Nel caso di specie, soggiunge la ricorrente, sarebbe mancata una specifica manifestazione di volontà volta alla ricezione di messaggi promozionali via mail, essendo obbligatorio prestare il consenso alla loro ricezione per potersi iscrivere al servizio di newsletter offerto dalla società.

Gli Ermellini, accogliendo il ricorso, precisano le regole che l'advertising sul web deve rispettare e offrono un'interessante interpretazione in tema di consenso informato. Tale consenso, secondo i giudici, non ammette "compressioni di alcun genere e non sopporta di essere sia pure marginalmente perturbato non solo per effetto di errore, violenza o dolo, ma anche per effetto de l'intero ventaglio di possibili disorientamenti, stratagemmi, opacità, sotterfugi, slealtà, doppiezze o malizie comunque adottate dal titolare del trattamento".

In tal senso, prosegue la Corte, va inteso il dato normativo alla luce del quale deve trattarsi di un consenso libero, ossia pienamente consapevole e informato e non già frutto di alcun condizionamento, e specifico, ossia inequivocabilmente riferito a ciascun particolare effetto del trattamento.

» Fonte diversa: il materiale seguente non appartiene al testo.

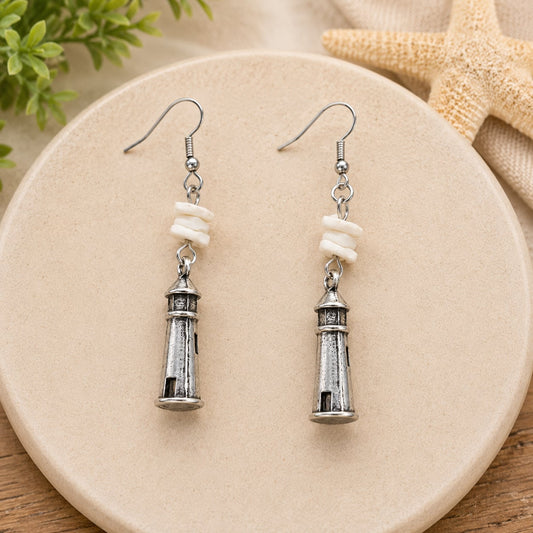 Coastal Lighthouse Earrings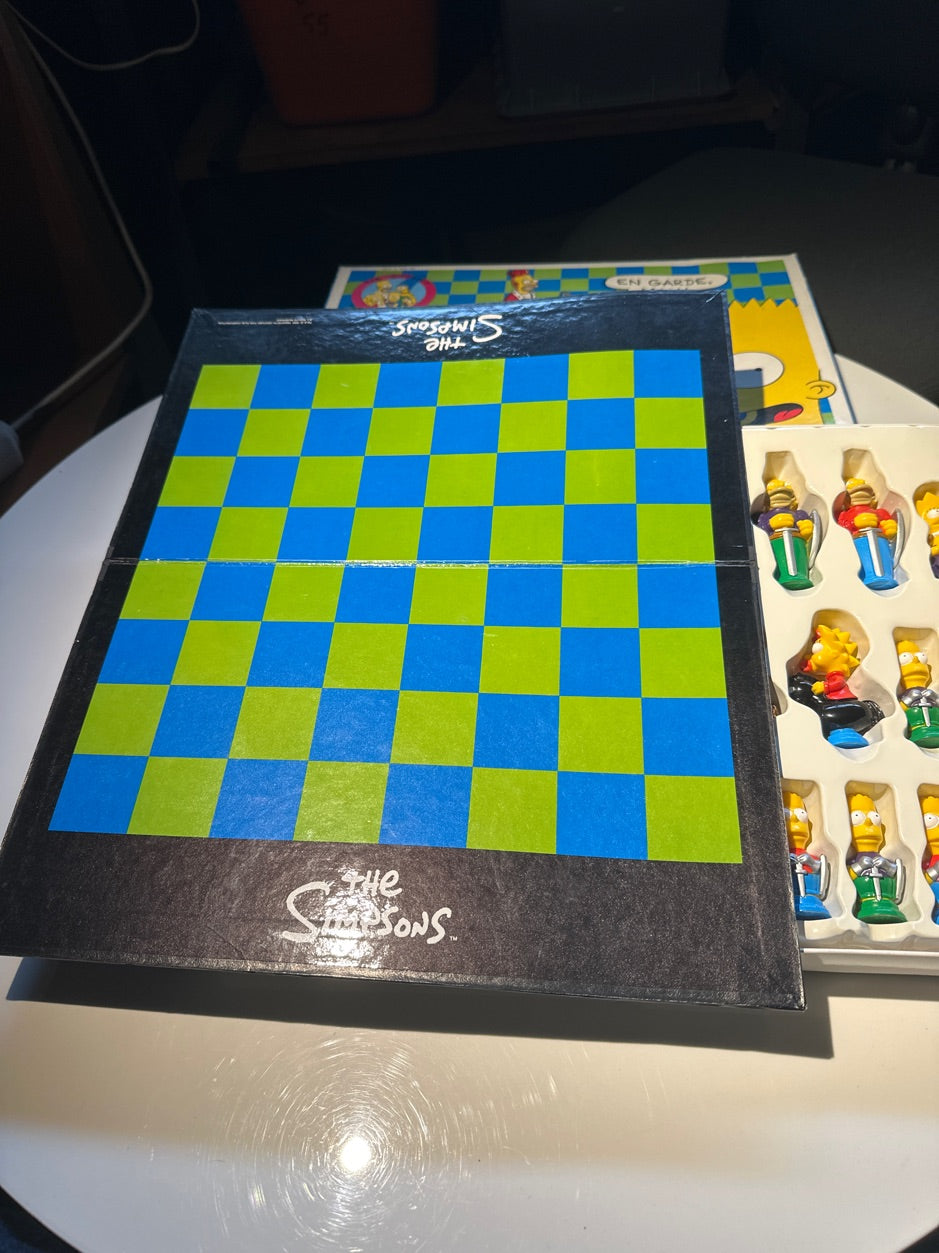 The Simpsons skakspil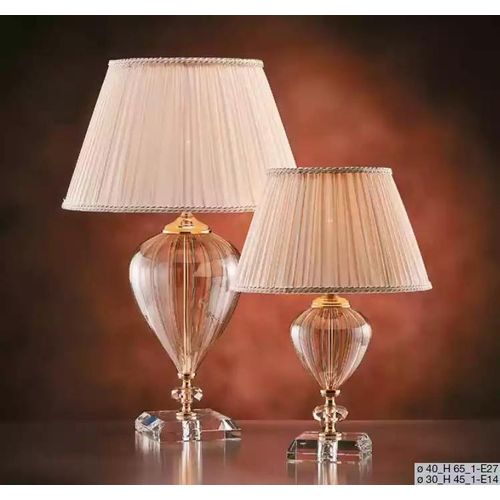 Art déco Stil Kronleuchte Tisch Lampe Kristall Leuchte neu Tischleuchte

Certo, in un caso come quello in questione, concernente un servizio né infungibile né irrinunciabile, nulla impedisce al gestore del sito di negare il servizio offerto a chi non si presti a ricevere messaggi promozionali, mentre ciò che gli è interdetto è utilizzare i dati personali per somministrare o far somministrare informazioni pubblicitarie a colui che non abbia effettivamente manifestato la volontà di riceverli.

Insomma, concludono i giudici, l'ordinamento non vieta lo scambio di dati personali, ma esige tuttavia che tale scambio sia frutto di un consenso pieno e in nessun modo coartato. Inoltre, oltre che libero tale consenso deve essere anche specifico: infatti, la libertà della determinazione volitiva in ordine al trattamento dei dati personali non sarebbe neppure astrattamente configurabile, nel suo atteggiarsi quale consenso informato, se non fosse univocamente indirizzata alla produzione di effetti che l'utente abbia preventivamente avuto modo di rappresentarsi, singolarmente, con esattezza.

Web advertising, consenso specifico

Non si ha, dunque, un consenso specificamente e liberamente prestato ove gli effetti del consenso non siano indicati con completezza accanto a una specifica "spunta" apposta sulla relativa casella di una pagina Web, ma siano invece descritti in altra pagina Web linkata alla prima.

In tale caso, infatti, non si ha contezza del fatto che l'interessato abbia consultato detta altra pagina, apponendo nuovamente una diversa "spunta" finalizzata a manifestare il suo consenso. Ancora, per essere "specifico" il consenso non potrà essere genericamente riferito a non meglio identificati messaggi pubblicitari, al punto che chi abbia chiesto di fruire di un servizio di informazioni giuridico-fiscali, si veda poi raggiunto da pubblicità di servizi o prodotti non attinenti alle ricerche effettuate.

È allora specifico, per questo aspetto, il consenso se riferito "ad un trattamento chiaramente individuato", il che comporta la necessità, almeno, dell'indicazione dei settori merceologici o dei servizi cui i messaggi pubblicitari saranno riferiti. La sentenza impugnata, in definitiva, adottando una nozione generica e onnicomprensiva di consenso, non conforme al dato normativo, non si è attenuta ai principi enunciati dalla corte.

In conclusione, "In tema di consenso al trattamento dei dati personali, la previsione dell'articolo 23 del Codice della privacy, nello stabilire che il consenso è validamente prestato solo se espresso liberamente e specificamente in riferimento ad un trattamento chiaramente individuato, consente al gestore di un sito Internet, il quale somministri un servizio fungibile, cui l'utente possa rinunciare senza gravoso sacrificio (nella specie servizio di newsletter su tematiche legate alla finanza, al fisco, al diritto e al lavoro), di condizionare la fornitura del servizio al trattamento dei dati per finalità pubblicitarie, sempre che il consenso sia singolarmente ed inequivocabilmente prestato in riferimento a tale effetto, il che comporta altresì la necessità, almeno, dell'indicazione dei settori merceologici o dei servizi cui i messaggi pubblicitari saranno riferiti".